Will this help to fetch another domain’s data through ? please tell me the answer?

By: linb

linb — Sat, 02 Aug 2008 00:01:51 +0000

window.name technique is better for FIM. It enable you run an remote Ajax RIA application from a single local disk html file. How to run an remote Ajax RIA application from a single local disk html file.

By: ragjunk

ragjunk — Fri, 01 Aug 2008 21:57:47 +0000

@V1: How would flash based XHR work, if my site is not in the crossdomain.xml of the target site?
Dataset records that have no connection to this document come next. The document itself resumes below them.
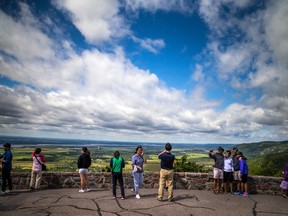 The mix of sun and clouds and cooler temperatures made for a perfect day to get out to Champlain Lookout in Gatineau Park Sunday August 6, 2017.   Ashley Fraser/Postmedia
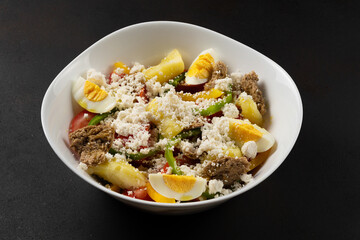 Fresh salad - tomatoes, eggs, feta cheese and paprika. Greek salad with olive oil.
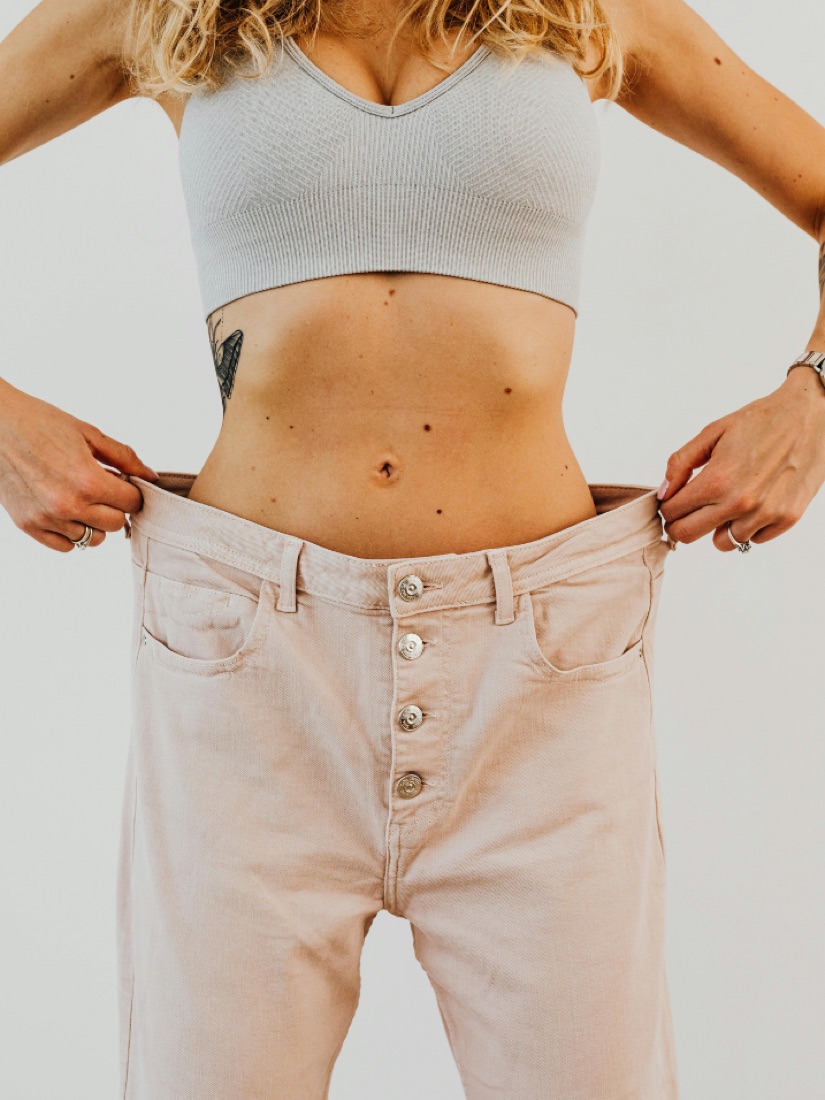 Woman holding out the waistband of her old jeans after losing weight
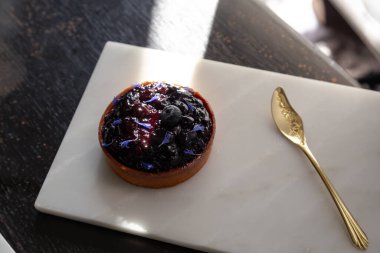 Mermerden yapılmış beyaz bir tabakta yaban mersinli turta ve altın kaşığın üzerinde fotokopi alanı ile parlayan güneş ışığı var..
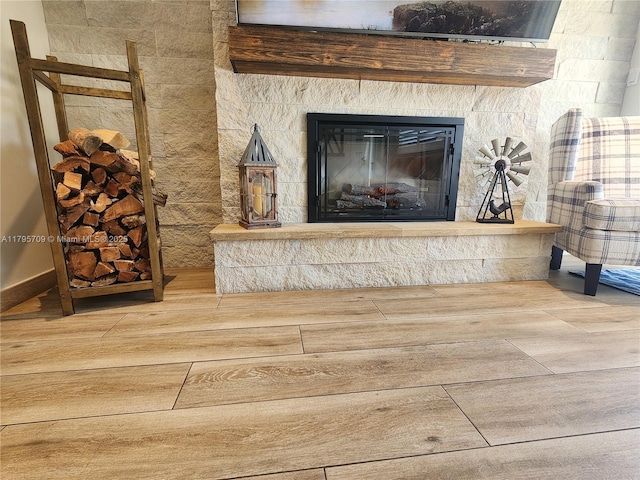 details with a fireplace and wood finished floors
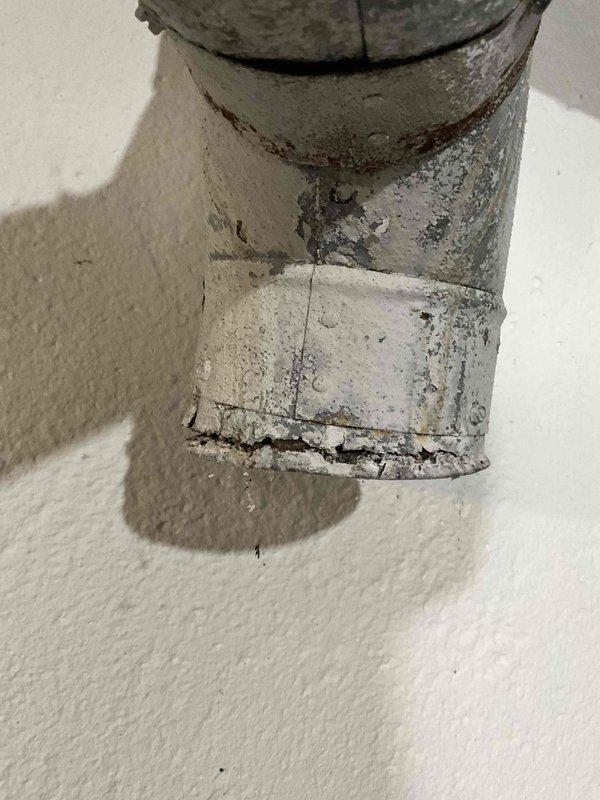 Performed full system estimate for 1700 square foot ranch home with full basement. Evaluated existing 1999 HVAC system with failed furnace control board and determined 80% efficiency furnace is worn out and not cost-effective to repair. Air conditioning unit remains operational. Documented natural gas meter installation and deteriorated ductwork showing significant structural damage including horizontal cracking, paint failure, and corrosion. Provided replacement system options for complete HVAC upgrade.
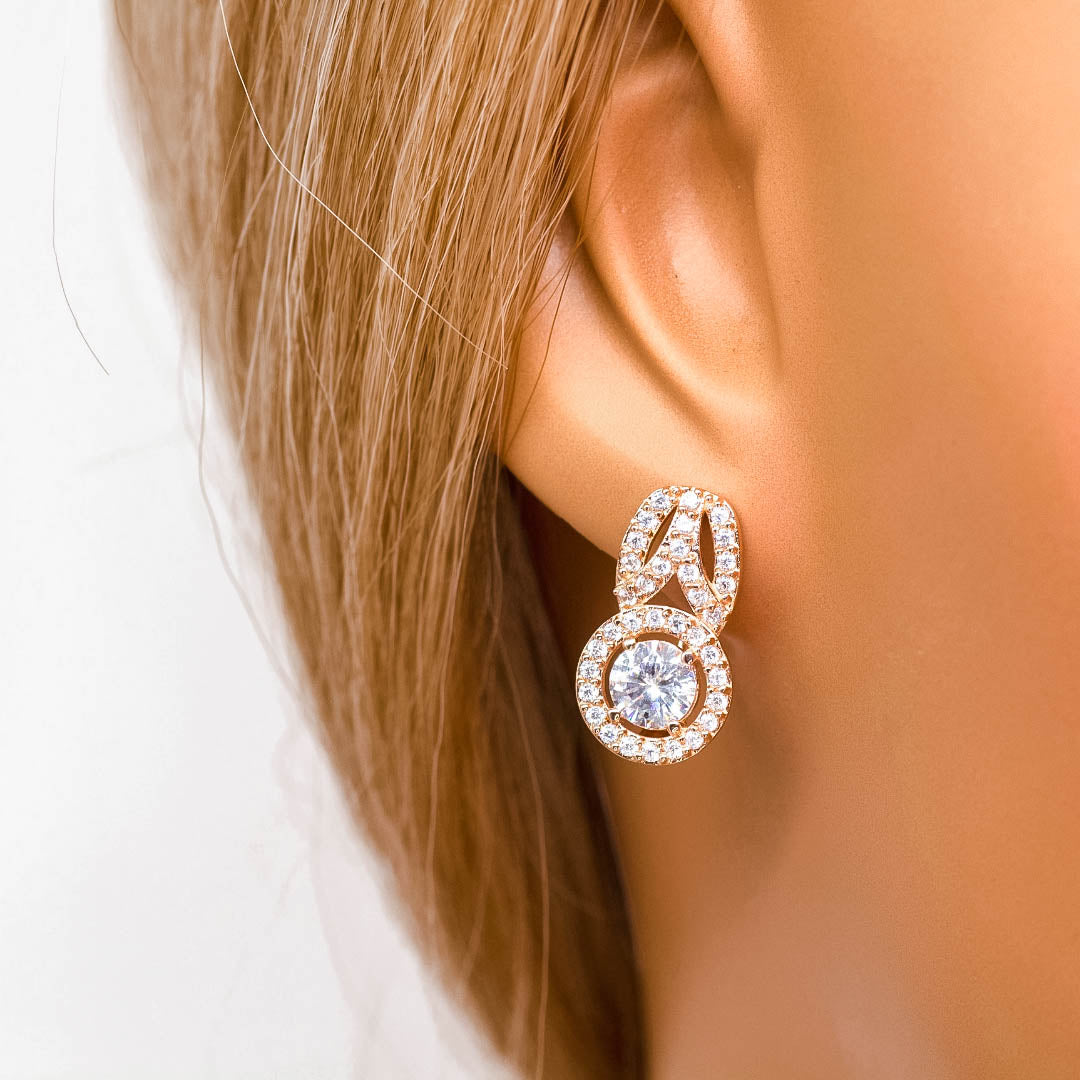 Auskarai pagaminti iš 585 prabos aukso, jų svoris yra apie 4,54 g. Jie inkrustuoti cirkoniais ir yra su anglišku užsegimu, kuris užtikrina saugų ir patogų dėvėjimą. Galima pasirinkti su baltais arba juodais cirkoniais.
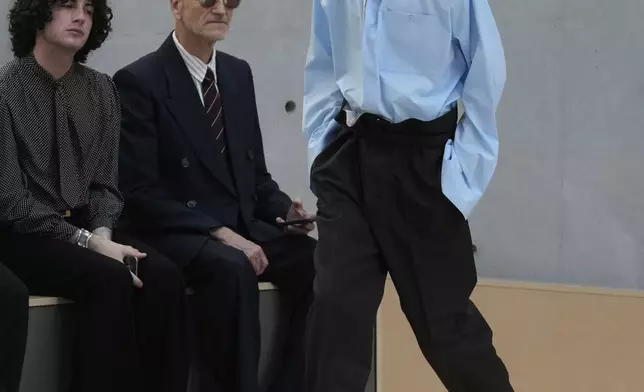 A model wears a creation as part of the men's Saint Laurent Spring-Summer 2026 collection, that was presented in Paris, Tuesday, June 24, 2025. (AP Photo/Michel Euler)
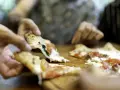 Hände greifen nach dampfenden Pizzastücken. So wie essen Italiener Pizza: gemeinsam, genussvoll, mit Freunden.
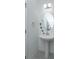 Small bathroom with pedestal sink and oval mirror at 2229 Shadowland Loop, Winter Park, FL 32792
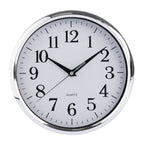 A round wall clock with a polished silver metal frame and a white face, featuring black Arabic numerals and black hands, with the word 'QUARTZ' printed below the 12.
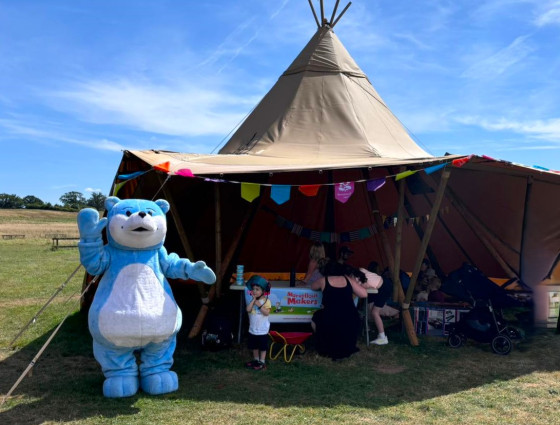 Bookstart Bear outside tent at Croome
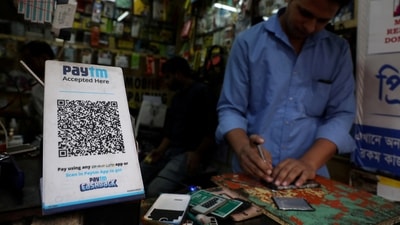 A QR code of Paytm is seen at a mobile repairing shop in Kolkata. (Reuters)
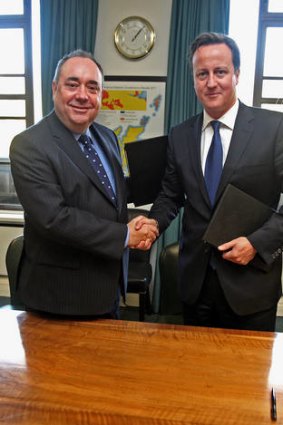 Scotland's First Minister Alex Salmond (left) and British Prime Minister David Cameron shake hands after signing an agreement to hold a referendum on Scottish independence at St Andrew's House in Edinburgh, Scotland.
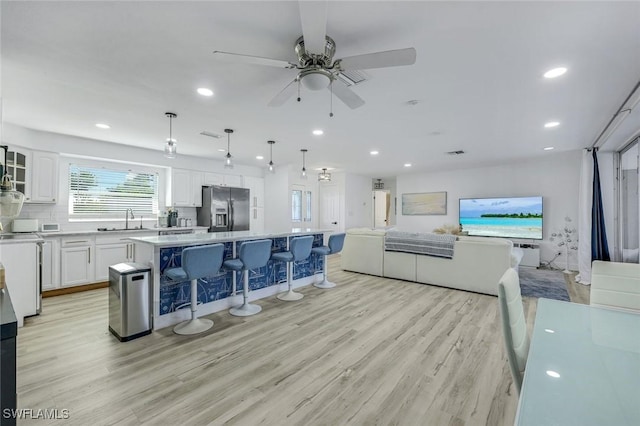 kitchen with a breakfast bar, a sink, a kitchen island, stainless steel fridge, and white cabinets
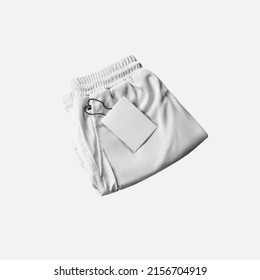 Mockup Of White Folded Shorts With Compression Lining, Price Tag Near Pocket, Front View. Men's Sportswear Template Isolated On Background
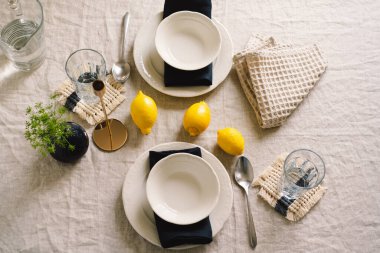 Vintage table setting with Linen napkins and yellow lemons. Decoration table. Close up. Cozy calm meal in the morning in the sunshine.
I want to do an XHR from my online app to any third party site, but I cannot do that because my site is not listed in any of their xdomain XML. So, I think, Kris’ work would help me better than using any of the flash based XHR, unless I missed something totally. (which happens many a times)

By: kriszyp

kriszyp — Fri, 01 Aug 2008 19:42:34 +0000

Dojo does have an iframe mechanism for cross-domain loading that uses fragment identifiers (#hash) to transfer data. However, this technique is very limited, it can only send messages in 2K chunks. The windowName module and the new native APIs are much more efficient.

By: Nosredna

Nosredna — Fri, 01 Aug 2008 16:40:33 +0000

I’m learning Dojo now, and it normally uses iFrames for this, right? Is there a case when using iFrames doesn’t work?

By: V1

V1 — Fri, 01 Aug 2008 13:20:13 +0000

ill rather use flashxhr, same effect less mess.

By: henrah

henrah — Fri, 01 Aug 2008 12:30:59 +0000

I don’t think there are any browsers that can’t do window.name message-passing; the proxy option is for supporting other sites which don’t have a cross-domain request api to call.